Partial Least Squares (PLS) regression emulator.

PLS finds a small set of latent factors that maximise covariance between an input matrix X (parameters) and an output matrix Y (observations). It is a natural fit for surrogate problems where the parameter dimension d is larger than the training set size n, and where the outputs are correlated multivariate quantities.

The class mirrors the surface area of the other pyemu emulators (DSI, DSIAE, GPR): same fit/predict shape, the same transformer pipeline plumbing for optional input transforms, and the same prepare_pestpp hook inherited from :class:Emulator so a fitted emulator can be used as a PEST++ forward run.

PLS

Bases: Emulator

Partial Least Squares regression emulator.

Parameters

pst : Pst, optional PEST control-file object. Source for observation_data during prepare_pestpp; also used to infer input_names / output_names from data when those are not provided. data : pandas.DataFrame Joint training DataFrame containing both the input columns (named in input_names) and the output columns (named in output_names). Columns in data outside those two name lists are ignored. The caller is responsible for any non-zero-weight subsetting or other preprocessing — PLS treats whatever columns it is told to. input_names : list of str, optional Columns in data that are the regression inputs (parameters). May be omitted — see output_names for inference rules. output_names : list of str, optional Columns in data that are the regression outputs (observations). Resolution rules:

* Both lists passed — used as-is.
* Only one passed — the other is ``set(data.columns) - set(passed)``.
* Neither passed (requires ``pst``) — if ``data`` contains both pst
  pars and pst obs, pars are inputs and obs are outputs; if ``data``
  contains only pst obs, nonzero-weight obs are inputs and
  zero-weight obs are outputs (the DSI-style "obs-as-pars" setup).

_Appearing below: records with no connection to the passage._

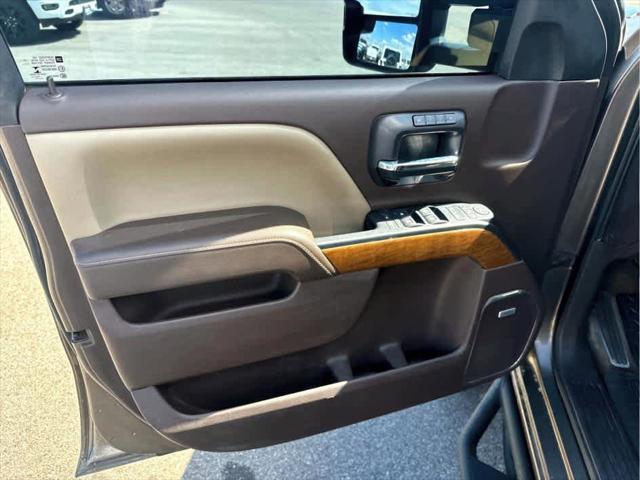 2015 Chevrolet Silverado 3500HD LTZ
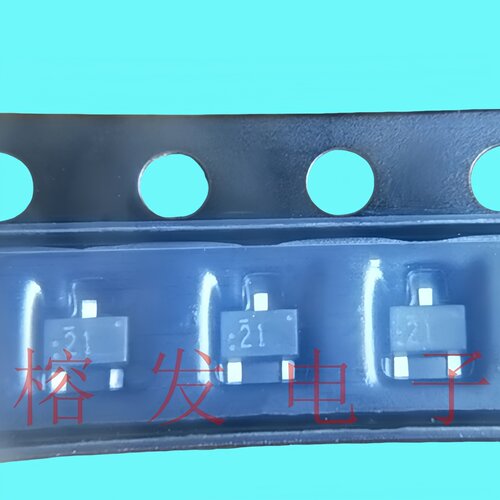 DA3J101K0LSOT-323丝印21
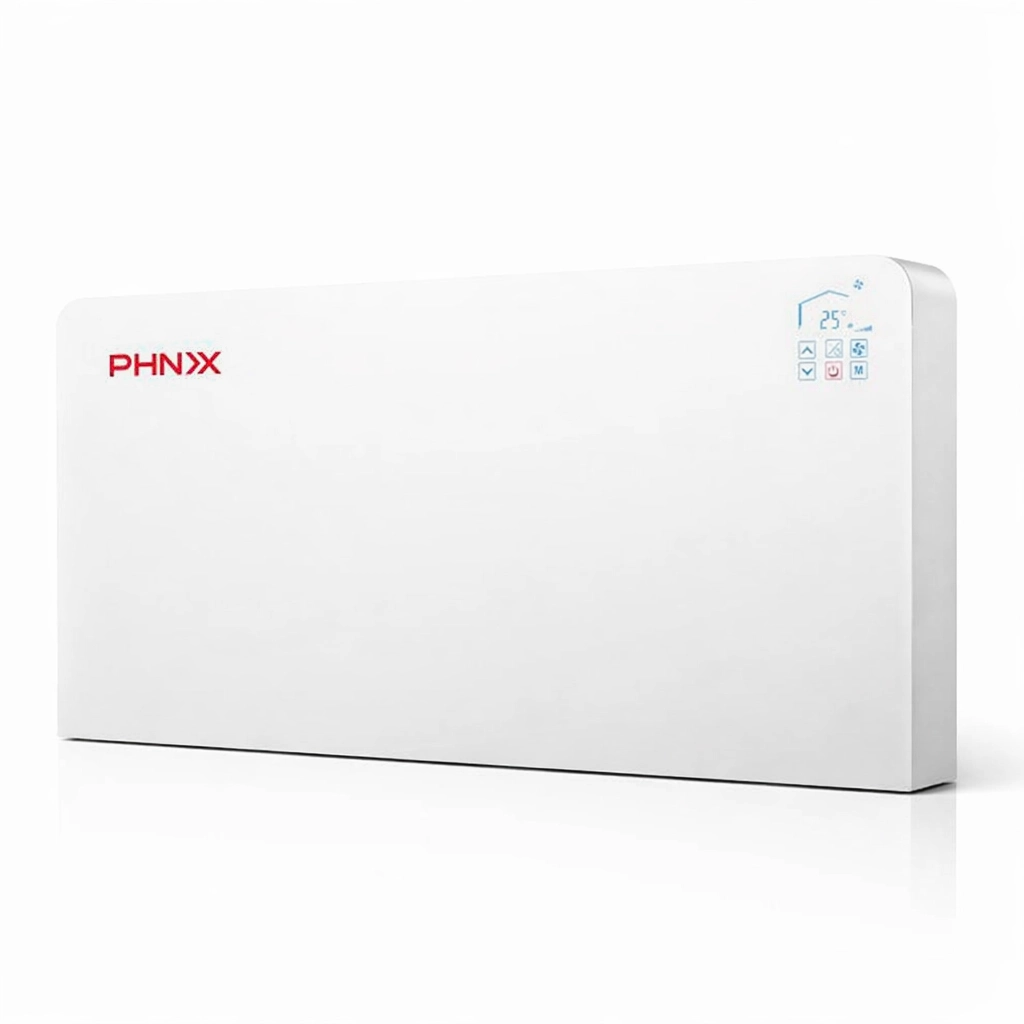 PHNIX Pool Dehumidifier hőszivattyús páramentesítő zárt medencés környezethez - 3,5 liter/óra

transforms : list of dict, optional Feature transformations applied via the base-class transformer pipeline. Same format as :class:DSIAE. n_components : int, optional Number of PLS latent factors. If None (default), the value is chosen by k-fold cross-validation on the training data. cv_folds : int, default 5 Number of folds used when n_components is selected by CV. parameter_reducer : sklearn-style transformer, optional Optional dimension-reducer fit on the input matrix before PLS (e.g. sklearn.decomposition.PCA or sklearn.random_projection.GaussianRandomProjection). Must implement fit_transform and transform. If left as None and the input dimension exceeds :data:HIGH_D_WARN_THRESHOLD, a warning is emitted suggesting one — but PLS is still trained on the full input. verbose : bool, default False Enable verbose logging.

encode(X)

Project new inputs into PLS latent space (X-scores).

fit()

Fit the PLS regression on the (optionally transformed) training data.

load(filename) classmethod

Load a fitted emulator from a file.

Parameters

filename : str Path to the saved emulator file.

Returns

Emulator The loaded emulator instance.

predict(pvals)

Predict outputs from input parameter values.

Returns a Series for a single-row input (matching the DSIAE/DSI convention used by the PEST++ forward-run helper) and a DataFrame for multi-row input.

prepare_pestpp(t_d, pst=None, verbose=False, **kwargs)

Generic method to prepare a PEST++ interface for the emulator.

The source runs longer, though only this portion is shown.